Medieval sieges could last for months.
Attacking armies would set up long-term encampments at a safe
distance from the castle's long-range catapults and crossbows.
The attackers would also try to cut off as many points of
access to the castle as possible and often built palisade
fences for their own protection.
Sieges involved both covert and overt action.
While heavy weapons such as battering rams, catapults, trebuchets
and towers were trying to breach the walls, the most devastating
attacks often came from underneath. Medieval miners had a
very dangerous job during a siege. These men would find a
weak point in the castle's wall, and tunnel under the foundation,
preferably at a corner. After they had dug to their goal,
loads of dry wood and brush were used to fill the tunnel cavity.

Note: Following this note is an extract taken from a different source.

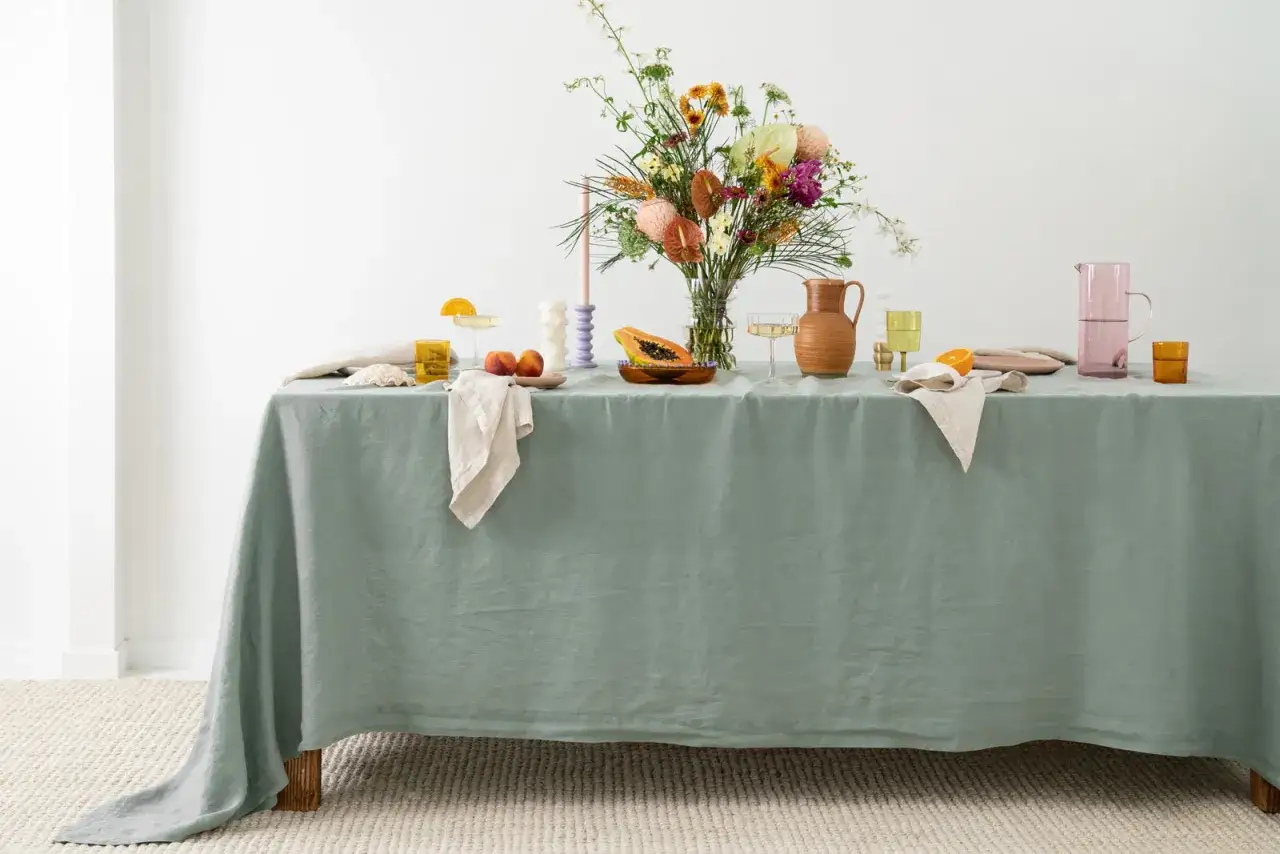 Enkel dukning med en vacker blomsterbukett, frukt och glas.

Everyone would exit, and the last miner would set the fuel
on fire. The strategy was, the blaze would cause the tunnel
to collapse causing castle walls to fall, or be damaged enough
to further exploit the weakness. Defending armies tried to
detect miners' efforts using buckets of water. The castle
army would start digging its own tunnels to counter the miners'
efforts. If these tunnels ever connected, fierce hand-to-hand
combat would soon ensue.
Attacking armies tried to take castles
in stages. A common plan of attack involved first taking the
gatehouse, then the castle's bailey, followed by its towers
and the keep. Hand -to hand combat meant heavy losses would
be suffered one both sides.
Sieges also ended from treachery amongst
the defending castle garrison. Attacking commanders tried
to exploit truces, and use the opportunity to plant a spy
within the castle walls. A defending army defector might have
been someone who wanted safe conduct and a purse of gold.

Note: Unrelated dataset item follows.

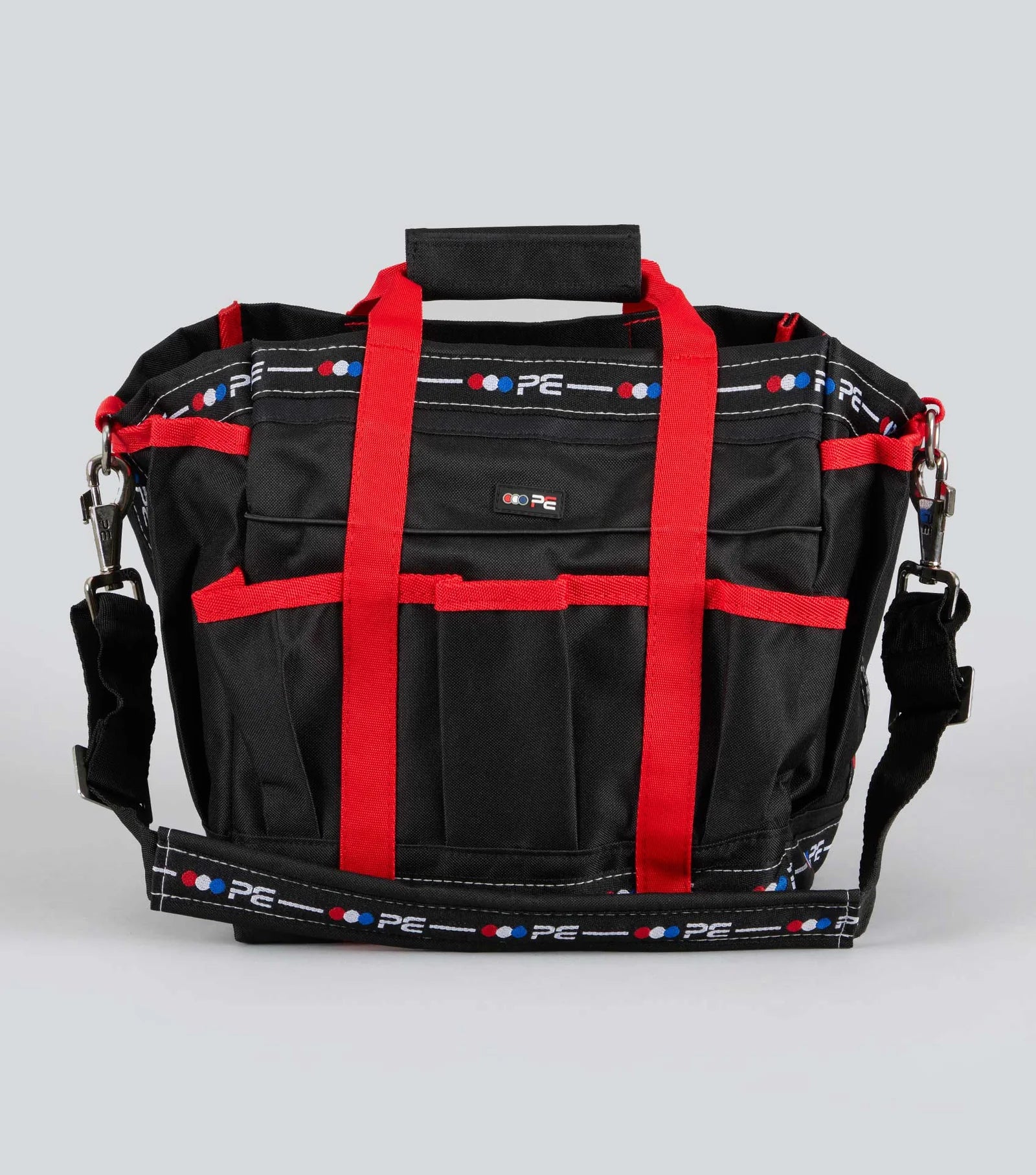 Black Premier Equine grooming bag with red straps on a gray background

This would be his price for information on weak points, or
how to breach the castle walls.
Defending castles usually surrendered from
lack of supplies. Food, water, ammunition, leather, iron and
other necessities would be used during the weeks an months
of a siege, and the fortress became more a prison than protector.
Water sources were especially vulnerable. Wells were a necessity
in medieval castles but they often failed and attackers would
cut off any outside water supply or poison them if possible.